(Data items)
------

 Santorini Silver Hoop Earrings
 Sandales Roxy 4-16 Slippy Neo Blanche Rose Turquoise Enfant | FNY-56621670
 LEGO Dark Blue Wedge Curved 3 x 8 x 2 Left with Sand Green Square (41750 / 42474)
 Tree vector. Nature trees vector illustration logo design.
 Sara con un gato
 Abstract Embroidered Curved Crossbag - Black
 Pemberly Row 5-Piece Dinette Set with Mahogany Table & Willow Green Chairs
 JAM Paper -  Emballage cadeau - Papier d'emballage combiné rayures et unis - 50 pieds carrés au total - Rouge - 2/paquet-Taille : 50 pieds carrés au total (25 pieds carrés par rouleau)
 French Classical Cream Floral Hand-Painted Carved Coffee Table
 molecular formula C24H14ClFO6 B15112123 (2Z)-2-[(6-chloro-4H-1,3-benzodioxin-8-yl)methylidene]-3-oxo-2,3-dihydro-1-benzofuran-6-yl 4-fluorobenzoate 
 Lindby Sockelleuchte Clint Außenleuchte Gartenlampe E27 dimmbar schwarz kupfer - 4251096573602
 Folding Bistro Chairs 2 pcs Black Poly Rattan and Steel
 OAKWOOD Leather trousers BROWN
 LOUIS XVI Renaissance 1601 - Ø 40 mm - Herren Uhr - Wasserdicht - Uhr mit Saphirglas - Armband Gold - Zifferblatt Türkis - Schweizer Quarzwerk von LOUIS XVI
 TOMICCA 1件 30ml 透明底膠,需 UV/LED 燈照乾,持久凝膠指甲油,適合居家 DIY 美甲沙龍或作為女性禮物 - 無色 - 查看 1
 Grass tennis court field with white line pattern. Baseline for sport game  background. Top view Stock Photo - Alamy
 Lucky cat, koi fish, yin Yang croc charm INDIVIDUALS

------

→ What is required
Repeat what the records above say. Use their exact words.

→ Exercise response
 Santorini Silver Hoop Earrings
 Sandales Roxy 4-16 Slippy Neo Blanche Rose Turquoise Enfant | FNY-56621670
 LEGO Dark Blue Wedge Curved 3 x 8 x 2 Left with Sand Green Square (41750 / 42474)
 Tree vector. Nature trees vector illustration logo design.
 Sara con un gato
 Abstract Embroidered Curved Crossbag - Black
 Pemberly Row 5-Piece Dinette Set with Mahogany Table & Willow Green Chairs
 JAM Paper -  Emballage cadeau - Papier d'emballage combiné rayures et unis - 50 pieds carrés au total - Rouge - 2/paquet-Taille : 50 pieds carrés au total (25 pieds carrés par rouleau)
 French Classical Cream Floral Hand-Painted Carved Coffee Table
 molecular formula C24H14ClFO6 B15112123 (2Z)-2-[(6-chloro-4H-1,3-benzodioxin-8-yl)methylidene]-3-oxo-2,3-dihydro-1-benzofuran-6-yl 4-fluorobenzoate 
 Lindby Sockelleuchte Clint Außenleuchte Gartenlampe E27 dimmbar schwarz kupfer - 4251096573602
 Folding Bistro Chairs 2 pcs Black Poly Rattan and Steel
 OAKWOOD Leather trousers BROWN
 LOUIS XVI Renaissance 1601 - Ø 40 mm - Herren Uhr - Wasserdicht - Uhr mit Saphirglas - Armband Gold - Zifferblatt Türkis - Schweizer Quarzwerk von LOUIS XVI
 TOMICCA 1件 30ml 透明底膠,需 UV/LED 燈照乾,持久凝膠指甲油,適合居家 DIY 美甲沙龍或作為女性禮物 - 無色 - 查看 1
 Grass tennis court field with white line pattern. Baseline for sport game  background. Top view Stock Photo - Alamy
 Lucky cat, koi fish, yin Yang croc charm INDIVIDUALS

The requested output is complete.